I’ve never heard of a formalized rule such as the one that you mention. Personally, I wouldn’t use p-values to make this determination. You can have low p-values for weak correlation in some cases. Instead, I’d look at the strength of the correlations between IVs. However, it’s not a simple as a single criterial like that. The strength of the correlation between the potential IV and the DV also plays a role.

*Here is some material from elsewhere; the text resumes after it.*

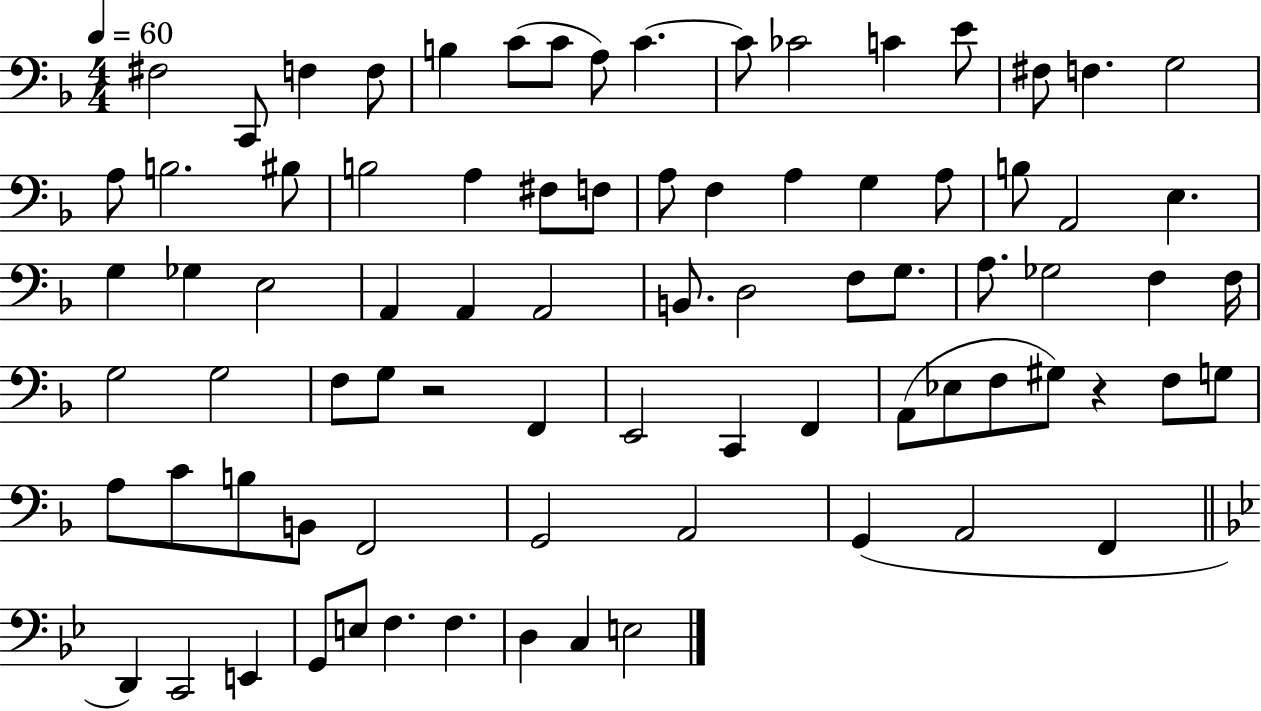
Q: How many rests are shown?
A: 2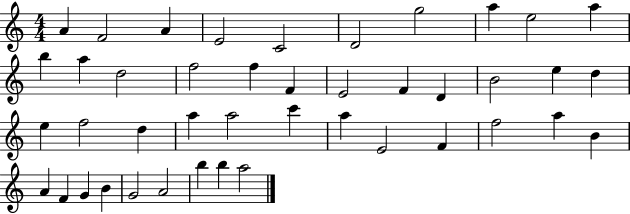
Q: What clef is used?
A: treble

I’ve written an article about that discusses these issues in more detail, read Confounding Variables Can Bias Your Results.
Wes McFee says
Jim, as if by serendipity: having been on your mailing list for years, I looked up your information on multiple regression this weekend for a grad school advanced statistics case study. I’m a fan of your admirable gift to make complicated topics approachable and digestible. Specifically, I was looking for information on how pronounced the triangular/funnel shape must be–and in what directions it may point–to suggest heteroscedasticity in a regression scatterplot of standardized residuals vs standardized predicted values. It seemed to me that my resulting plot of a 5 predictor variable regression model featured an obtuse triangular left point that violated homoscedasticity; my professors disagreed, stating the triangular “funnel” aspect would be more prominent and overt. Thus, should you be looking for a new future discussion point, my query to you then might be some pearls on the nature of a qualifying heteroscedastic funnel shape: How severe must it be? Is there a quantifiable magnitude to said severity, and if so, how would one quantify this and/or what numeric outputs in common statistical software would best support or deny a suspicion based on graphical interpretation? What directions can the funnel point; are only some directions suggestive, whereby others are not? Thanks for entertaining my comment, and, as always, thanks for doing what you do.